Cemeteries have gotten a bad rap because of Halloween and horror movies, local author James Silas Rogers ardently believes. They are not places of spookiness and the macabre; they are places of remembrance and connectedness.

"Cemeteries are never emotionally neutral," he said. "They always have a history of meaning and context, a constellation of stories that swirl around us. You can feel the presence of stories when you enter a cemetery."

Rogers, editor of the New Hibernia Review published by the Center for Irish Studies at the University of St. Thomas, has written a book of essays and poems about cemeteries. "Northern Orchards: Places Near the Dead" muses about graveyards and what makes them special.

"There's something about them that is different from any other place," he said.

On Memorial Day, the aura is stronger than ever. "I've been moved to tears by Memorial Day services," said Rogers, who will be taking part in one at 10 a.m. Monday at Acacia Park Cemetery in Mendota Heights, one of the places he writes about in his book.

What he derisively calls "the Halloween creepiness industry" has changed our perspective on cemeteries, he said. He often finds himself explaining that although he's a taphophile — a cemetery enthusiast — that doesn't mean that he's some sort of weirdo.

"It seems alien to us now, but in the 19th century, cemeteries were public parks," he said. "It was very common for people to go have a picnic Sunday afternoon in a cemetery. There wasn't the separation between the realm of the living and the realm of the dead the way there is today, and I think that's a good thing."

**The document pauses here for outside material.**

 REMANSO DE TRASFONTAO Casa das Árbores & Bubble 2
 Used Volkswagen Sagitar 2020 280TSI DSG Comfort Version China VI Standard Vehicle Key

Most cemeteries are surrounded by a fence, which he thinks is important "because it sets them apart as being a special place." But he also likes that those fences aren't "large stone walls that you can't see over. The fences always allow one to see into the cemetery and to see out of it, creating a little bit of conversation between the living and the dead."

Admitting that he's never seen a horror movie — "Unless you count 'Jaws' " — Rogers has "no interest in the undead. The scary images of cemeteries have nothing in common with my experiences. I find them to be places of stillness and reflection."

When he talks about the stories that arise in a cemetery, he's referring not only to the histories of the people buried there, but also to the lives of the people who are visiting. We allow the sacred space "to make a claim on us," he writes. "In that way, I suppose, cemeteries become in the end places where we go to wait for our own stories."

A lifelong bond

Rogers, 61, has been fascinated by cemeteries since he was young.

"My mother would take us to visit our grandparents in Green Isle," a small town southwest of the Twin Cities, he said. "There were only two things to do there: Go down to the railroad trestle and throw rocks at the snakes, or walk to the graveyard."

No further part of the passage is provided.